Comey ill-served the public interest
Comey ill-served the public interest. FBI yearlong investigation of Hillary Clinton’s use of a personal email system during her tenure as secretary of state. Evidence indicated that Clinton and her closest colleagues, according to Comey, “were extremely careless in their handling of very sensitive, highly classified information.” Yet, he concluded, “although there is evidence of potential violations of the statutes regarding the handling of classified information, our judgment is that no reasonable prosecutor would bring such a case.”
It may be correct that, taking into account all factors, a reasonable prosecutor could have concluded that criminal charges should not be brought against Clinton. But, contrary to Comey’s assurances, the FBI’s findings also provide grounds for a reasonable prosecutor, all things considered, to bring charges. By mischaracterizing the law in what is, in his words, “a case of intense public interest,” Comey ill-served the public interest.

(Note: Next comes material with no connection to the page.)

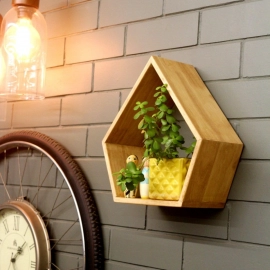 Barish Handcrafted Decor Wooden Wall Shelf Pentagon For Home Decor | Rubberwood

The crux of the matter, Comey argued, was that the FBI had not identified in Clinton’s case, as it had in others the government had prosecuted dealing with the mishandling of classified information, “clearly intentional and willful mishandling of classified information; or vast quantities of materials exposed in such a way as to support an inference of intentional misconduct; or indications of disloyalty to the United States; or efforts to obstruct justice.”
But could no reasonable prosecutor have determined that Clinton’s mishandling of classified information was intentional? Must the mishandling of classified information be intentional to be prosecutable?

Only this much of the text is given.